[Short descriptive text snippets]
******************************

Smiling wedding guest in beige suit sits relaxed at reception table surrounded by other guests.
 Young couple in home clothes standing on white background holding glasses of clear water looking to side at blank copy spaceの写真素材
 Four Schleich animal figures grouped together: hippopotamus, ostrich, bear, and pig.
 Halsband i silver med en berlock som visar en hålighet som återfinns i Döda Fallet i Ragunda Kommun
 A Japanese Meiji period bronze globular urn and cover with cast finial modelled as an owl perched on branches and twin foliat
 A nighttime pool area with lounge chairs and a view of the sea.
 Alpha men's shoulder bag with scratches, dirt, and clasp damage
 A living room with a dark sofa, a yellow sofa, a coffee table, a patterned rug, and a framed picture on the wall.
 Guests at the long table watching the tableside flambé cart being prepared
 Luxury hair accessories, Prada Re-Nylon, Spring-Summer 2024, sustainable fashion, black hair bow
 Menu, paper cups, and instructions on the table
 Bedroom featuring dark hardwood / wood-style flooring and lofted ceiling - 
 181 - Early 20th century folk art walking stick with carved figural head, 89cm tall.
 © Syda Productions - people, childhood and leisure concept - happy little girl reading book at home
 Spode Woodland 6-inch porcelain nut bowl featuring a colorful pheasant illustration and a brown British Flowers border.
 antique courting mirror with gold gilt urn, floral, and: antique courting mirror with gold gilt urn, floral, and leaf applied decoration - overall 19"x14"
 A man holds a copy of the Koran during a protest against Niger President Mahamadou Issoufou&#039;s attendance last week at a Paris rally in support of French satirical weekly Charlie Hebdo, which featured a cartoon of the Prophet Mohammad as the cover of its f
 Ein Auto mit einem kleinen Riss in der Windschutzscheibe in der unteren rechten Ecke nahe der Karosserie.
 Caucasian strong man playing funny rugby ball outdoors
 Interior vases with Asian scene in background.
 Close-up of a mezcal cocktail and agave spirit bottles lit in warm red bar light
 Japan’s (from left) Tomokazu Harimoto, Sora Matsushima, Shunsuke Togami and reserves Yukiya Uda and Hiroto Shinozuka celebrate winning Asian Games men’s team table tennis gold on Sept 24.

******************************

* Exercise *
Taking the entries above, print exactly the lines starting at the line with "Spode Woodland 6-inch" and ending at the line with "Close-up of a", both included.

* Your solution *
 Spode Woodland 6-inch porcelain nut bowl featuring a colorful pheasant illustration and a brown British Flowers border.
 antique courting mirror with gold gilt urn, floral, and: antique courting mirror with gold gilt urn, floral, and leaf applied decoration - overall 19"x14"
 A man holds a copy of the Koran during a protest against Niger President Mahamadou Issoufou&#039;s attendance last week at a Paris rally in support of French satirical weekly Charlie Hebdo, which featured a cartoon of the Prophet Mohammad as the cover of its f
 Ein Auto mit einem kleinen Riss in der Windschutzscheibe in der unteren rechten Ecke nahe der Karosserie.
 Caucasian strong man playing funny rugby ball outdoors
 Interior vases with Asian scene in background.
 Close-up of a mezcal cocktail and agave spirit bottles lit in warm red bar light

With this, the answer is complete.